A Response to Leighton Flowers: What is the "Dead" State of Fallen Man?

Perhaps, dear reader, you are aware of the criticisms of Calvinism recently put forth by Leighton Flowers, a Southern Baptist preacher, professor and Youth Evangelism Director for the Texas Baptists. Flowers is a prolific podcaster and blogger who presents a distinctively Baptist approach to non-Calvinism. I have listened to nearly every podcast he has released, and have briefly interacted with him on the "About" page of his blog site, Soteriology101.com. In what would seem to be an amazingly courageous move, Flowers has also debated the formidable High Calvinist heavyweight, James White. Unfortunately, this was an epic exercise in missing the point, and I found both of their debate presentations and post-debate follow up responses equally disappointing.

This photo was Leighton's humorous take on
his recent debate with James White
See the debate here: https://youtu.be/lzoZjSTysIs
A BRIEF CRITIQUE

There are a lot of good things to say about Leighton Flowers, so let's start there:
  • He is respectful in his manner of dialogue with opponents
  • He conducts himself with humility
  • He generally speaks positively of Calvinists and accepts them as brothers
  • He articulates a clear theology of salvation from a "traditionalist" (i.e., non-Calvinistic) Baptist perspective
  • He serves as a ministry leader, and is not just a "talking head" with opinions
  • He has a sense of humor (a characteristic that is woefully lacking in so many Calvinist/Arminian dialogues on the internet)
There are some notes of concern as well, and at least one of them is genuinely alarming:
  • He doesn't always have his facts straight (as an example, in one of his podcasts he mentions D.A. Carson as an example of a non-Calvinist scholar - Huh???)
  • He frequently overstates the persuading power of his views, which have not actually proven persuasive to thoughtful, Biblically grounded Calvinists
  • He often presses illustrations to logical extremes that amount to "straw man" arguments
  • He sometimes ignores critical distinctions that are consistently drawn by mainstream Calvinists
  • In contradiction to his typically respectful comments about Calvinists, he has actually said more than once that he believes this passage might refer to them:
    • And count the patience of our Lord as salvation, just as our beloved brother Paul also wrote to you according to the wisdom given him, as he does in all his letters when he speaks in them of these matters. There are some things in them that are hard to understand, which the ignorant and unstable twist to their own destruction, as they do the other Scriptures. (2 Peter 3:15-16)
We can only assume that Flowers has not thought through the implications of that last point, which are quite inflammatory. Viewed charitably, the statement is a bit out of character, though nonetheless troubling. All in all, Leighton is far friendlier toward Calvinists than many others who engage in this type of debate.

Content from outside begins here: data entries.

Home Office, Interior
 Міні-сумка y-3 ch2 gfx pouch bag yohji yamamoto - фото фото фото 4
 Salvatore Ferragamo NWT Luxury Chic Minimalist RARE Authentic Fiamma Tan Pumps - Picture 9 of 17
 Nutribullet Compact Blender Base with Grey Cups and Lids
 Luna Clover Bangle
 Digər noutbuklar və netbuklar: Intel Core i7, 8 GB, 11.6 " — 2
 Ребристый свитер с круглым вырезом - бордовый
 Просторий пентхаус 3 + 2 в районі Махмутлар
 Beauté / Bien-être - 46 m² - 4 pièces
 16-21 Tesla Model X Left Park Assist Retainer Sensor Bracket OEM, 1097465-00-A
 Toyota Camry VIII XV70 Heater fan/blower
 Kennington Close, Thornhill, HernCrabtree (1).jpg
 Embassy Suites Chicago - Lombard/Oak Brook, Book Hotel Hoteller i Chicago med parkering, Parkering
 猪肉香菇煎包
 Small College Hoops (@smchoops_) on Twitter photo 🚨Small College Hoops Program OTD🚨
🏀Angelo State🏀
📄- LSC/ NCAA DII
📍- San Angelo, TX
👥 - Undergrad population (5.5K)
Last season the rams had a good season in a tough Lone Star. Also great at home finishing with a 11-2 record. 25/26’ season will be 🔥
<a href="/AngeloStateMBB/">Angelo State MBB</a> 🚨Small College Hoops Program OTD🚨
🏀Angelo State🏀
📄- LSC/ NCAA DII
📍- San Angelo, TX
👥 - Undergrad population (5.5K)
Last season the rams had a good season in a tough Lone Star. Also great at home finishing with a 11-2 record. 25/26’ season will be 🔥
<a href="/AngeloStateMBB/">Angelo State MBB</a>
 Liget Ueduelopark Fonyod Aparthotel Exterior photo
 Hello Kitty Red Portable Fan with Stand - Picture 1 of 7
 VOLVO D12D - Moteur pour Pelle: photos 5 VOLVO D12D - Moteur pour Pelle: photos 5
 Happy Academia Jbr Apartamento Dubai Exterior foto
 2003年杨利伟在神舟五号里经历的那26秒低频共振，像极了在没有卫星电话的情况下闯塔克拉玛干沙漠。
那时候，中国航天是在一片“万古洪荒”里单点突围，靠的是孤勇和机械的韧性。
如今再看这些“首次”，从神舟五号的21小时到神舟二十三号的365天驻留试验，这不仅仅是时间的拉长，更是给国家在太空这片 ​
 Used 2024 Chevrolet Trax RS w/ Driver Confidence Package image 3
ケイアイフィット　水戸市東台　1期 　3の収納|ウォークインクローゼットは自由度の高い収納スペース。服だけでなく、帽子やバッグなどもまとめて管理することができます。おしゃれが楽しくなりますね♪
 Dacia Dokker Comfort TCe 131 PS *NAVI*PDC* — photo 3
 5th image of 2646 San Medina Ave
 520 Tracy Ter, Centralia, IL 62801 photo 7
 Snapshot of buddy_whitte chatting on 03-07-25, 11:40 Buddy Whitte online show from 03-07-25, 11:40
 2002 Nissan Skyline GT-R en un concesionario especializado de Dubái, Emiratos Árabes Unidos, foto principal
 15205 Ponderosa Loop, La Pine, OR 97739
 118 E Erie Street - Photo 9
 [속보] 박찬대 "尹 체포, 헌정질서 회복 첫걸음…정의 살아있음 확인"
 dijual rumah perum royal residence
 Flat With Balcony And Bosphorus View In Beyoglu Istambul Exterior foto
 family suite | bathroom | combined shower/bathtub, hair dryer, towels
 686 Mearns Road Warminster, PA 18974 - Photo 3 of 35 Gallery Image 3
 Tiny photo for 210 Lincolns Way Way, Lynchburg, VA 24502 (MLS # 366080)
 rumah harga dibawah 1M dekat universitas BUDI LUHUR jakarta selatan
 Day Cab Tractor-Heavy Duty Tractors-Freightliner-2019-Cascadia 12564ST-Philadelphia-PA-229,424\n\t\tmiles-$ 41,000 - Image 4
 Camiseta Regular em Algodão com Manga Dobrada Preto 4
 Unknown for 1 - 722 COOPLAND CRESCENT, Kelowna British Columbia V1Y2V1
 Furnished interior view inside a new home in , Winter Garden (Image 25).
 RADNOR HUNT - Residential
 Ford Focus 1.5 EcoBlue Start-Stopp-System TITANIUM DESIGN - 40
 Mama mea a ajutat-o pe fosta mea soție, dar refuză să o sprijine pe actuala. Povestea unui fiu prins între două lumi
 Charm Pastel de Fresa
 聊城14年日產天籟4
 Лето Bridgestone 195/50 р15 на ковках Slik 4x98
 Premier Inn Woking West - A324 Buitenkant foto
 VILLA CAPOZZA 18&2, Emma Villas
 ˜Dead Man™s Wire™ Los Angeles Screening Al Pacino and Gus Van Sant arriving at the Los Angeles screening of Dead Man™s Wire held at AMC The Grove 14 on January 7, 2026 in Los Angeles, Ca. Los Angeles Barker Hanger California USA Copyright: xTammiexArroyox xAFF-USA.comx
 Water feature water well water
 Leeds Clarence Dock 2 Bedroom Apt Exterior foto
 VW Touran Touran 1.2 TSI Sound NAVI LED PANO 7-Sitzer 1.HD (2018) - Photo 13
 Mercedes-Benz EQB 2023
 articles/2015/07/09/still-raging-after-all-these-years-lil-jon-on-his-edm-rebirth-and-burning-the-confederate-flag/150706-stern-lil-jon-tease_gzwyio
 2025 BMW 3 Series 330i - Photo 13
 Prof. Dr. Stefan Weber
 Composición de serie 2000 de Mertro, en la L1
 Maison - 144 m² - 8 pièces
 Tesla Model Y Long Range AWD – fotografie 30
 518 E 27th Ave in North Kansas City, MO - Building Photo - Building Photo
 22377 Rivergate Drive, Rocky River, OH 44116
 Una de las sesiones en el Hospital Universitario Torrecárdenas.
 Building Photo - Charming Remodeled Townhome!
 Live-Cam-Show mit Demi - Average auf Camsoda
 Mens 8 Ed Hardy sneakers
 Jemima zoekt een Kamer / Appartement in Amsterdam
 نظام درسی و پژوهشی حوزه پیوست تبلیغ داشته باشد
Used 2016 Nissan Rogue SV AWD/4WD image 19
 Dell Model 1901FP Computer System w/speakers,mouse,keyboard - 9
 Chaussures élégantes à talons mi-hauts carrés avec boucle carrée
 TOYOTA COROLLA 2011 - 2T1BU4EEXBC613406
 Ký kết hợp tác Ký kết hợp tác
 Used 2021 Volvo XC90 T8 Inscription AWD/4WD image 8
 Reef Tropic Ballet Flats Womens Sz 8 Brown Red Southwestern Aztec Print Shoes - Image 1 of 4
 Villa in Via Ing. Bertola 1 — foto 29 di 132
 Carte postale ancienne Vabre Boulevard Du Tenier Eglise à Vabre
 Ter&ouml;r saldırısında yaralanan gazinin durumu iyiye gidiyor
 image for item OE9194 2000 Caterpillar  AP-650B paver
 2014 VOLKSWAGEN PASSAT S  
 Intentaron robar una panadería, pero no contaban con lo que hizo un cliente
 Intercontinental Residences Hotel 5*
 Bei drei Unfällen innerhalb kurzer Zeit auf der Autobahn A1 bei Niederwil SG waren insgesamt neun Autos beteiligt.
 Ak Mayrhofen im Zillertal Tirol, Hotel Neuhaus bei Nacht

A SIMPLE REFUTATION: IS FALLEN HUMANITY TRULY "DEAD" TOWARD GOD?

Let's take a brief look at an issue Leighton Flowers has often mentioned in his polemic against Calvinism. According to Flowers, Calvinists routinely compare man's "dead" state to that of Lazarus in the tomb, while he prefers to relate it to the state of the prodigal son in Luke 15. The prodigal son was only figuratively dead, right? He still had the natural ability to return to his father, right? So, perhaps fallen man is just "mostly dead":



Leighton's view ignores both the context and the content of Ephesians 2:1-3, which states:
And you were dead in the trespasses and sins in which you once walked, following the course of this world, following the prince of the power of the air, the spirit that is now at work in the sons of disobedience— among whom we all once lived in the passions of our flesh, carrying out the desires of the body and the mind, and were by nature children of wrath, like the rest of mankind.
Agreeing with Leighton, the clear implication of this text is not that fallen man is incapable of doing anything. However, it is actually much worse than that. According to this text, fallen man is incapable of doing anything that is not sinful. Humanity's "dead" acts are trespasses against God's law and are worldly, demonic, disobedient, fleshly and lust-driven. Believing in Christ for salvation does not seem to fit with this set of "dead" capabilities that remain in fallen human beings.

Much more telling, and far more detrimental to Leighton's position, is the obvious context of Ephesians 2. See Ephesians 1:19-20, which comes just a few verses prior:
... and what is the immeasurable greatness of his power toward us who believe, according to the working of his great might that he worked in Christ when he raised him from the dead and seated him at his right hand in the heavenly places ...
Without question, the flow of the text shows us that Paul is linking the believers' dead state prior to salvation with Jesus' dead state prior to his resurrection. Was Jesus "mostly dead" in the tomb, or was He "all the way dead"? Does Jesus' death and burial more closely resemble that of Lazarus, or that of the prodigal son?

This context-based exegesis stands like a sumo wrestler in opposition to a weak speculation that draws all of its force from the misapplication of an unrelated passage.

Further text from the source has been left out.